No dull moments for Neumann’s Cigars owners
Long Grove Sunday, 8/12/12 Julie and Ken Neumann own Neumann's Cigars and More in Long Grove. Neumann's and the Buffalo Grove police department hosted a car show Sunday as part of fund raiser for the Special Olympics. cred}
CIGARS AND CARS
Neumann’s Cigars & More, 445 Robert Coffin Road in Long Grove, hosted the “Cigars & Cars” fundraiser to benefit Special Olympics from noon to 4 p.m. Sunday.
Entering a vehicle into the car show cost $20, all of which goes to Special Olympics. The event also featured a silent auction and raffle.
The crowd picked the winning car.
Updated: September 17, 2012 11:41AM
Julie Neumann never thought that, in the course of selling cigars, she would have to worry about whether the mail arriving at her stores was really for her, nor did she ever think she would have to fly to the nation’s capital to defend her industry.
Nor did she expect to have a collection of classic cars filling up her parking lot. It has been an unusual — but enjoyable, she stressed — life in business for her and her husband Ken, owners of Neumann’s Cigars & More in Long Grove and Libertyville.
“We’re very fortunate,” she said Friday. “Both towns have been very supportive. Both mayors are very good for business.”
To share that fortune with others, Neumann’s worked with the Buffalo Grove Police Department on Sunday to hold a car show at their 445 Robert Parker Coffin Road location, the proceeds of which will benefit Special Olympics. Chief Steve Balinski said he met the Neumanns through a mutual friend and, after a discussion about how both enjoy serving their community, the idea of a fundraiser began.
Neumann’s and the BGPD first worked together a year ago, putting on a chili cookoff that also benefitted Special Olympics.
“We decided to try something different,” Balinski said Saturday of this year’s car show. “They’re good people.”
Of course, Neumann’s hasn’t always been “Neumann’s,” as Julie Neumann noted.

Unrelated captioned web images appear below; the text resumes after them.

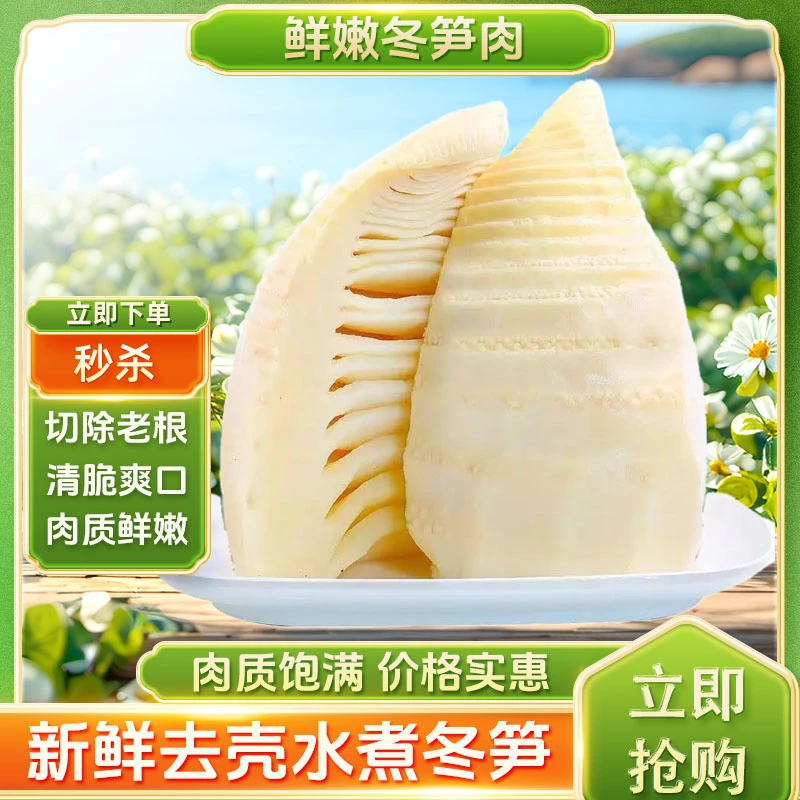 江西高山新鲜冬笋春笋农家去壳竹笋鲜笋时令蔬菜火锅水煮冬笋非现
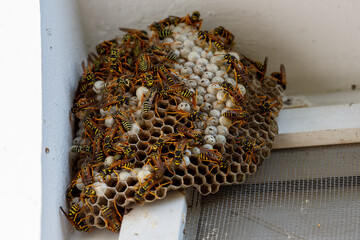 A hornet's nest on the window. The hornet's nest is close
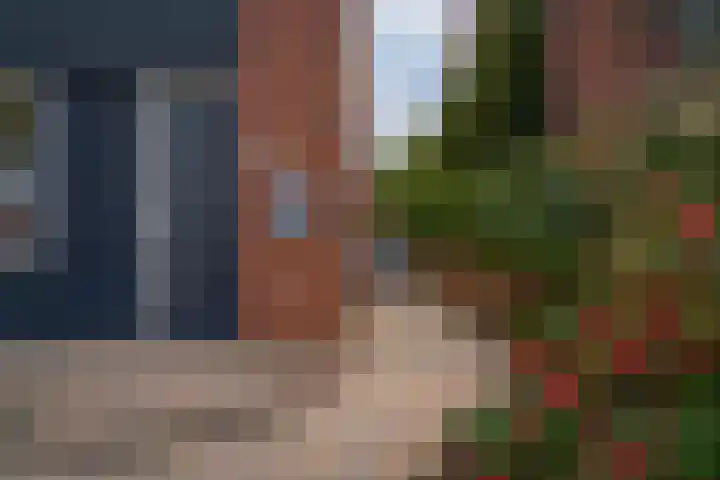 Heilige Stoel 5335 Wijchen thumbnail 50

When she and Ken opened their first store in Libertyville, they gave it a shorter name, and they always got their mail delivered properly.

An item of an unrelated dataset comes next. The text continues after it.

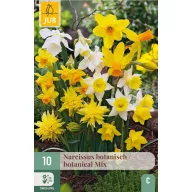 Blumenzwiebeln Narzisse Botanical Mix 10 Stück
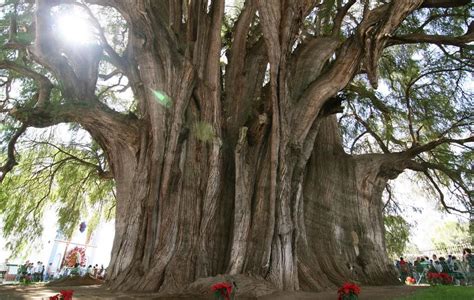 Árbol del Tule, a Montezuma Cypress, is located in the town center of ...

The Neumanns’ first business was manufacturing golf clubs, Julie said; they visited plenty of showcases, and Ken would often smoke cigars. They noticed that many other golfers partook of the same pleasure, and Ken decided they ought to add onto the enterprise by wholesaling cigars.

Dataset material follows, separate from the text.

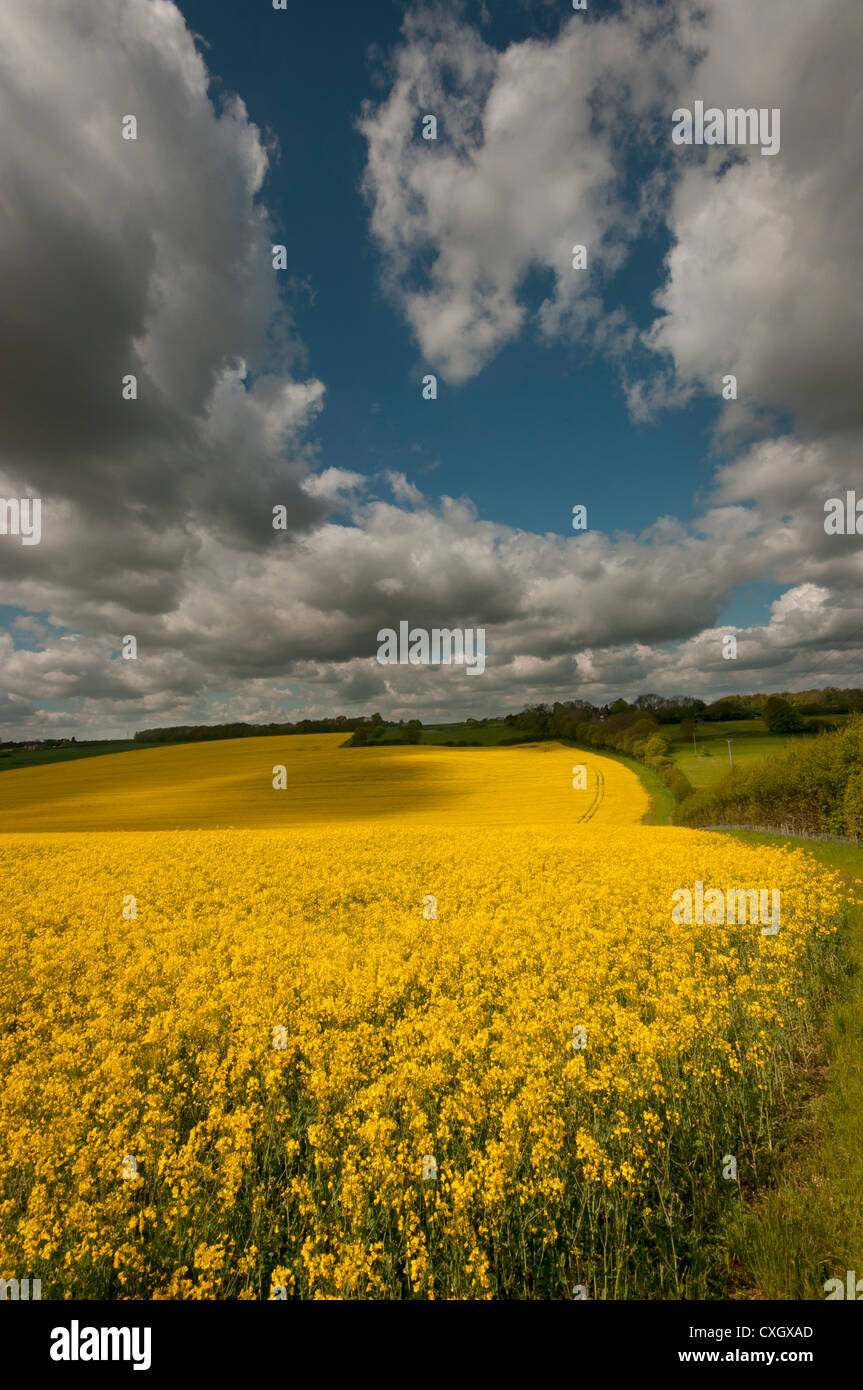 Öl Raps landwirtschaftlichen Landschaft Feld Wolke im freien trockenen Tag Sommer wachsen pflegen Landwirtschaft gelb bunte Anlage offen Ernte Stockfoto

Julie said she wanted to get into the retail side, though.
“We were able to find the perfect property,” she said, a freestanding building at 314 S. Milwaukee Ave. in Libertyville, and “Cigars & More” opened in 1998.
But they were not the only one — in the years that followed, “Cigars & More” became a popular title for a industry that was growing in its own popularity.
“We were getting confusion from our vendors,” Neumann said. “We would sometimes get products that were supposed to be mailed to another business with the same name.”
Thus, when they opened a second store in 2010 in Long Grove, they changed the name to the unique Neumann’s Cigars & Gifts. Both buildings contain walk-in humidors, and Julie Neumann can explain both the science and the art that goes into cigar storage.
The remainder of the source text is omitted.